In June, EuroAsphalt was contracted by the Armenian Ministry of Territorial Administration and Infrastructures to repair country roads in northwestern Shirak province. The repairs were supposed to cost the state 386 million drams.
EuroAsphalt had an authorized capital of just over $100 when it was founded by two little-known individuals in 2018. Simonian’s brother Karlen became its executive director early this year.
Karlen Simonian also manages another construction company called EuroAsphalt-1. It was registered in February 2021 and was worth 140 million drams at the time.

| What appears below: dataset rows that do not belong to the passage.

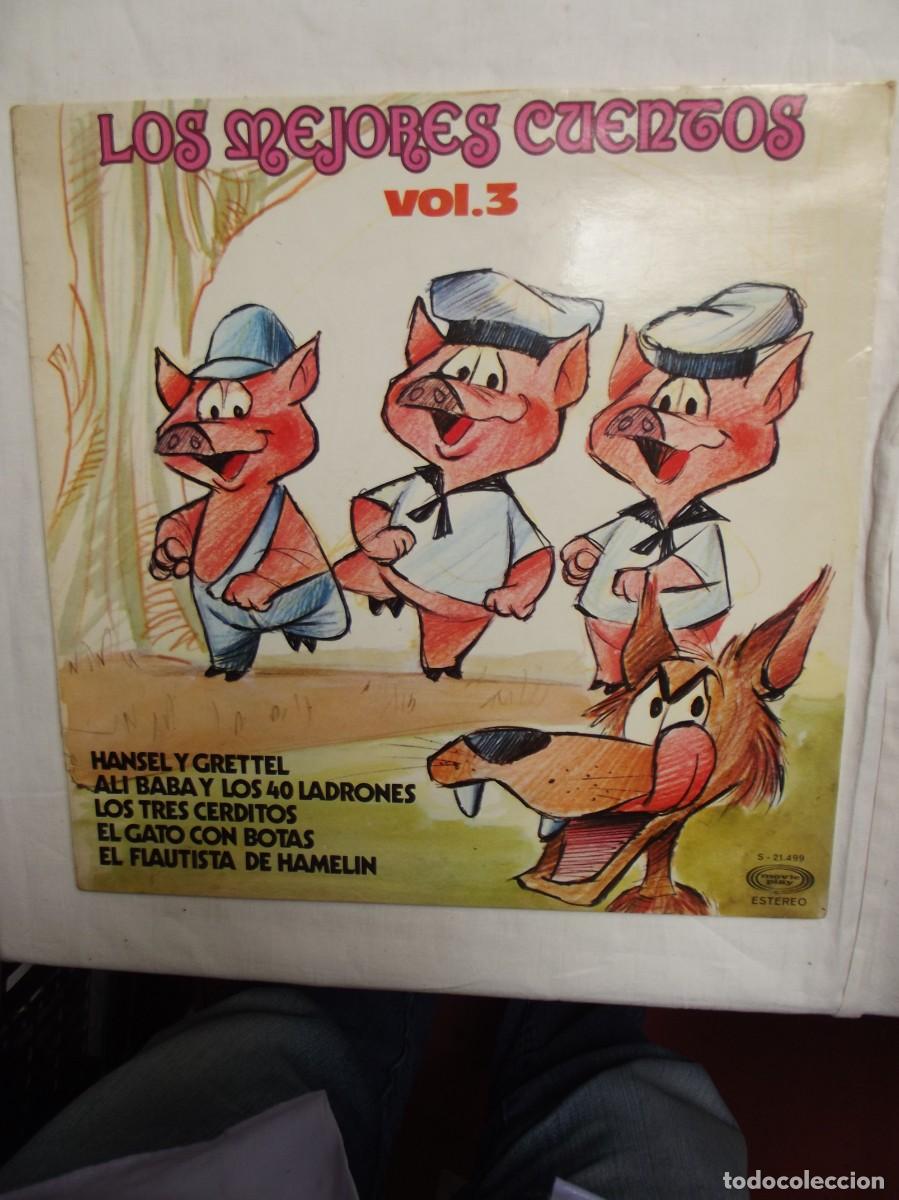 Discos de vinilo: LP LOS MEJORES CUENTOS VOL. 3 ( SIN PROBAR )
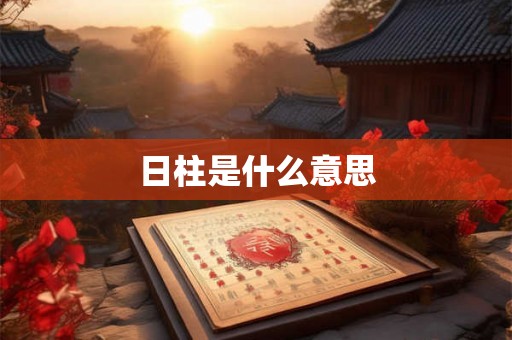 日柱是什么意思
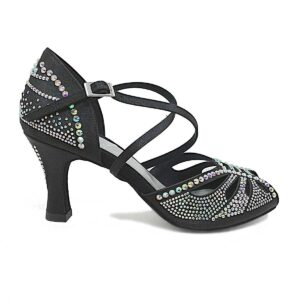 L55 LIDMAG SCARPE DA BALLO CON STRASS TACCO 70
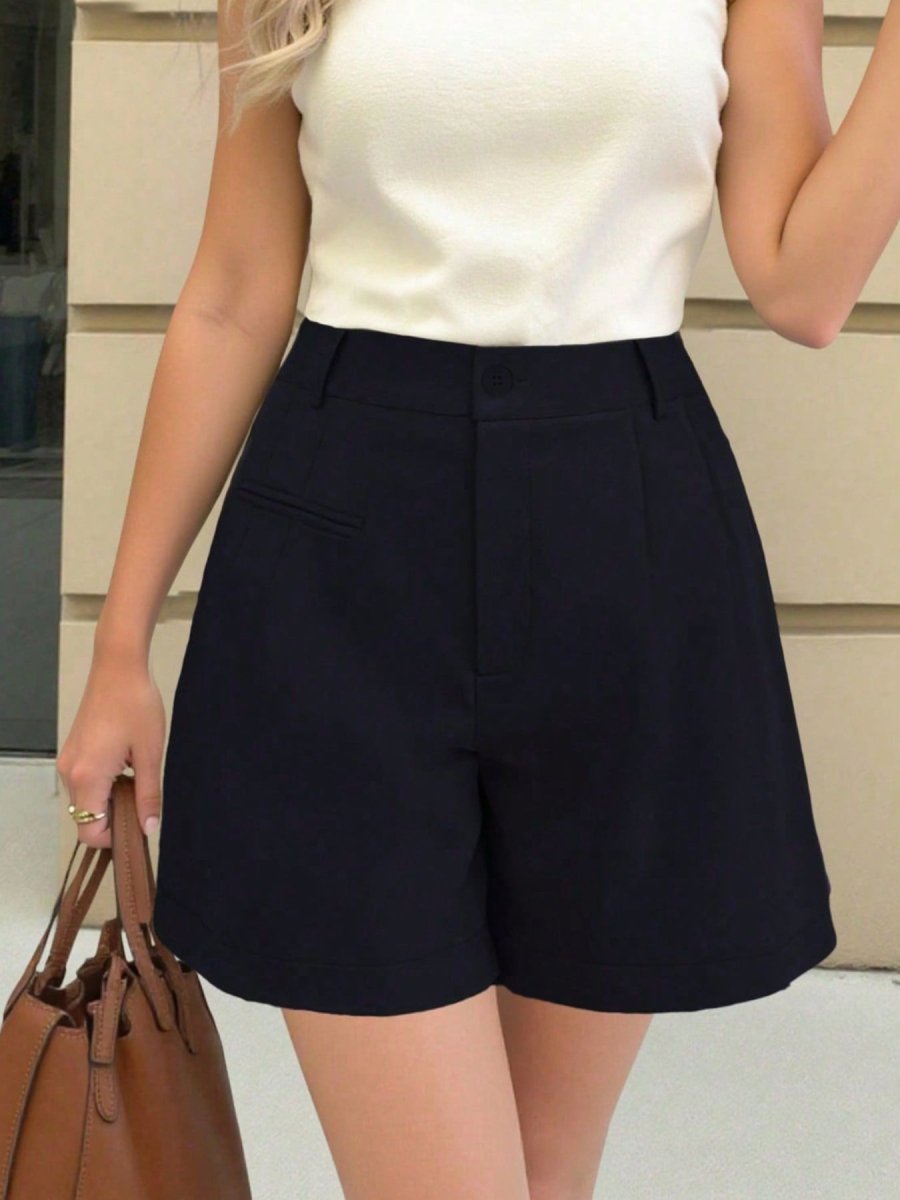 High - Waisted Shorts - Q.B.Accessories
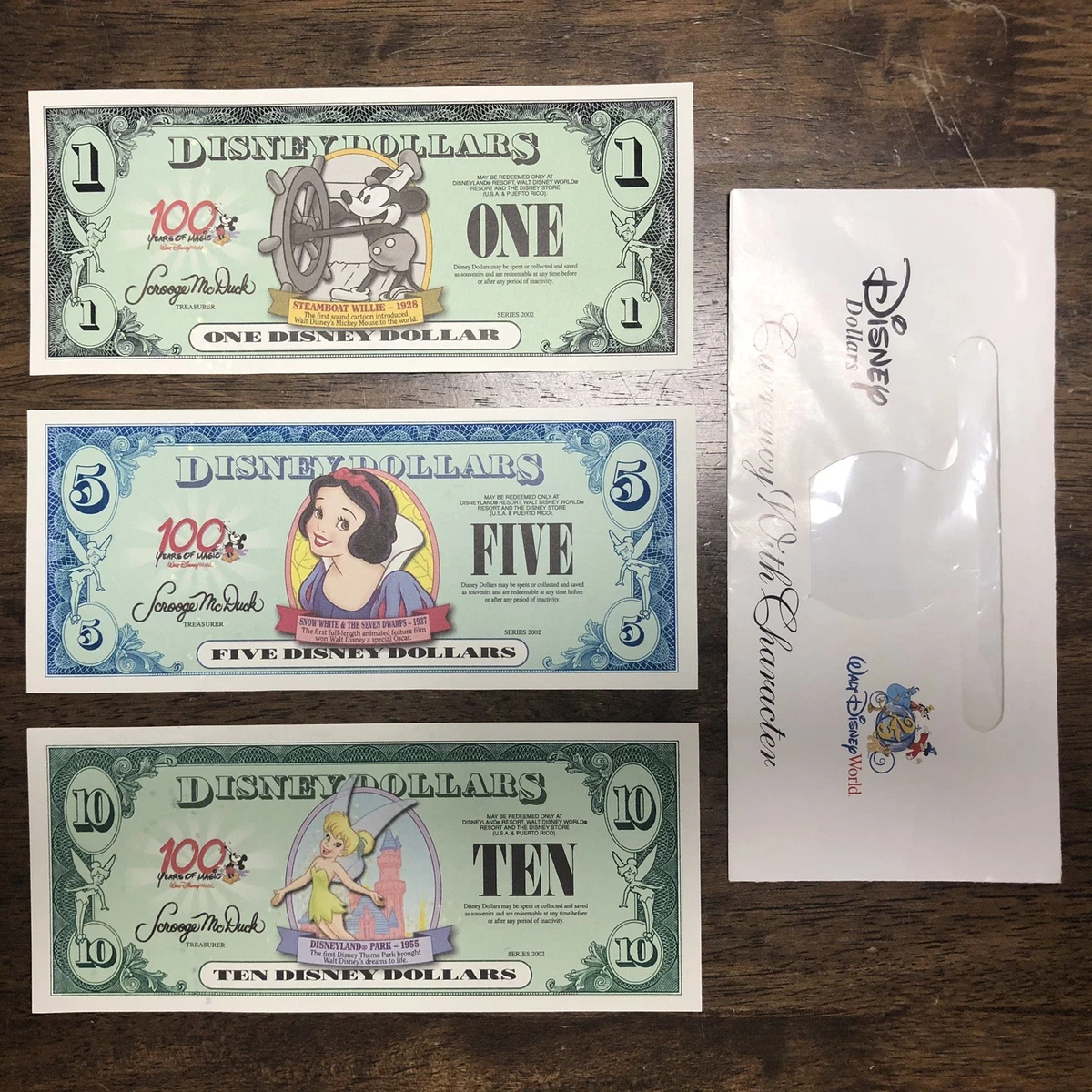Disney Dollars (1968-Now) for sale | eBay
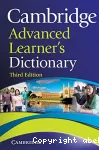 Cambridge Advanced Learner's Dictionary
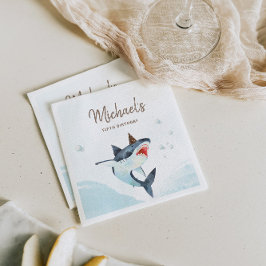 Shark Jaw-some-inbjudan Pappersservett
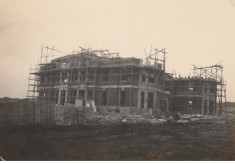 The roof appears, December 1922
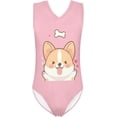 thumbnail image 1 of Swimsuits for Girls 3-14 Sleeveless Bathing Suit for Kids Summer One Piece Swimming Suits, 1 of 4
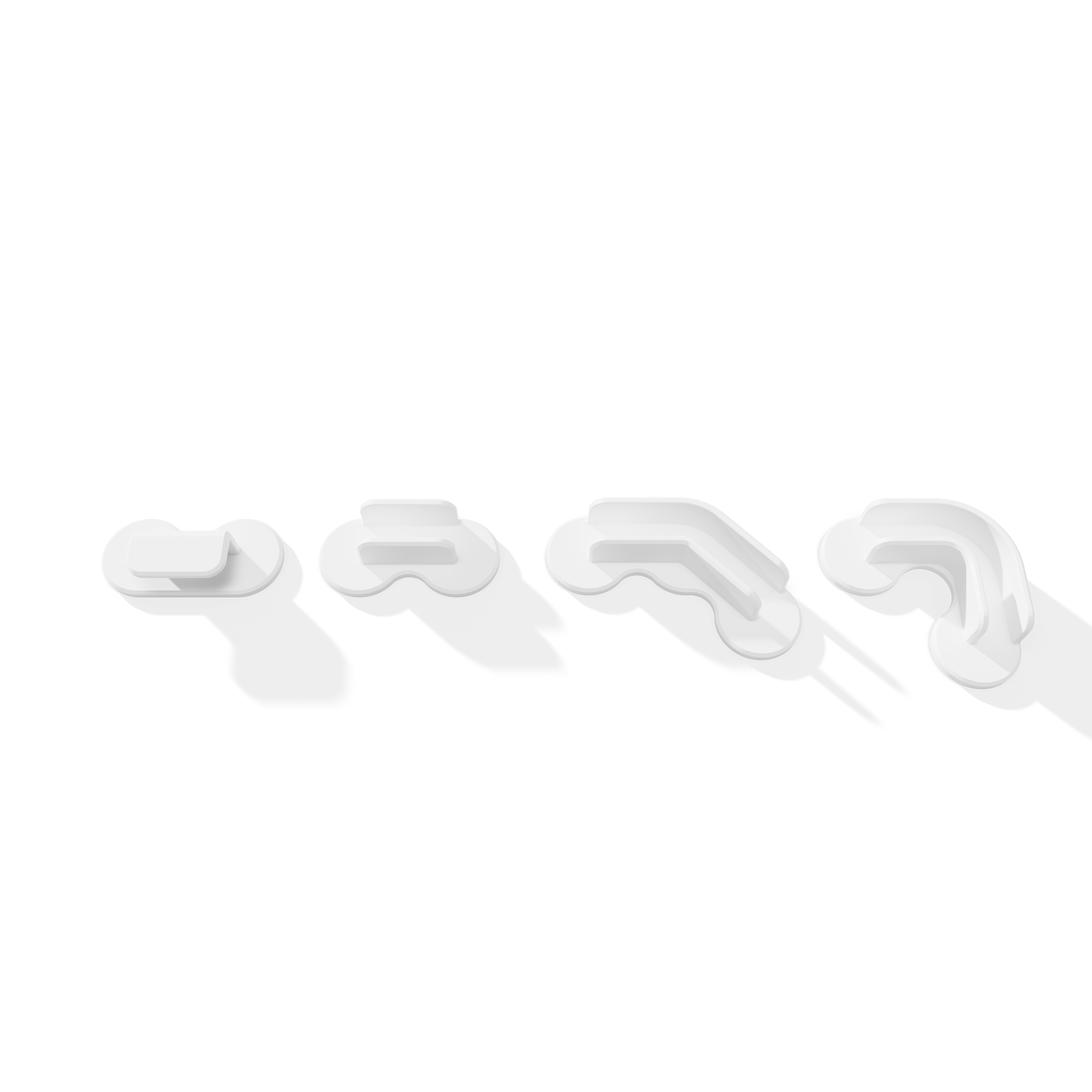 A large main feature product image of EX-DEMO HYTE Noodle LN70 Smooth Digital Light Strip (White)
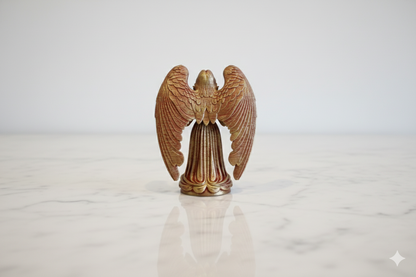 Red & Gold Angel – Hand-Finished Decorative Figure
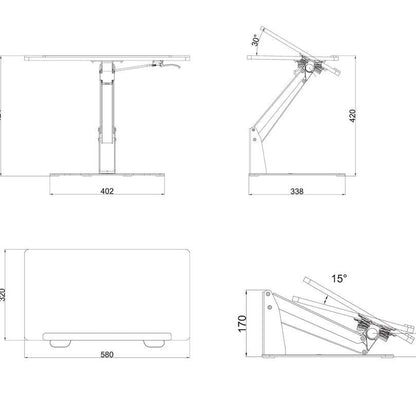 Multibrackets M Laptop Workstation White
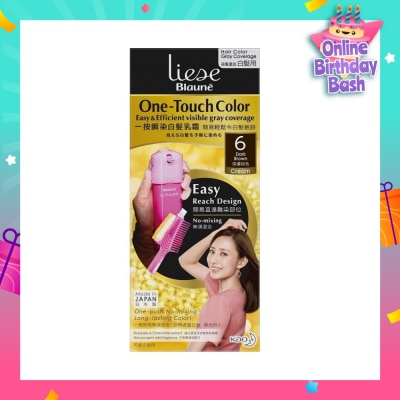LIESE Blaune One-Touch Color Dark Brown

Deputy Prime Minister Suren Papikian, who served as minister of territorial administration until recently, insisted on Thursday that EuroAsphalt won the two contracts as a result of transparent and fair tenders, rather than its chief executive’s government connection.
“If people have information about corruption schemes, let them make it public, for God’s sake,” said Papikian.
Civic activists see a cause for concern, however. Varuzhan Hoktanian of the Armenian affiliate of the anti-corruption watchdog Transparency International said that the integrity of tenders won by individuals linked to state officials has long been in serious doubt in Armenia. He said an Armenian Finance Ministry division in charge of state procurements must therefore scrutinize the contracts granted to EuroAsphalt.
“When such tenders are won with amazing consistency by relatives or cronies of state officials there are corruption risks involved,” agreed Artur Sakunts, a veteran human rights campaigner. “This must definitely become a subject of investigation.”
Prime Minister Nikol Pashinian for years alleged corrupt practices in the administration of tenders won by such individuals when he was in opposition to Armenia’s former governments. He claimed to have eliminated “systemic corruption” in the country after coming to power in 2018.
Alen Simonian is a close associate of Pashinian. A spokeswoman for the parliament speaker told RFE/RL’s Armenian Service on Friday that he will not comment on his brother’s business activities for now. She said at the same time that he is ready to answer questions submitted in writing.
Simonian also raised eyebrows when he appointed a businessman and friend of his as chief of the Armenian parliament staff days after becoming its speaker in August.
The businessman, Vahan Naribekian, owns a company supplying furniture to the National Assembly and various government and law-enforcement agencies. According to Hetq.am, the company has won 148 supply contracts since the 2018 regime change.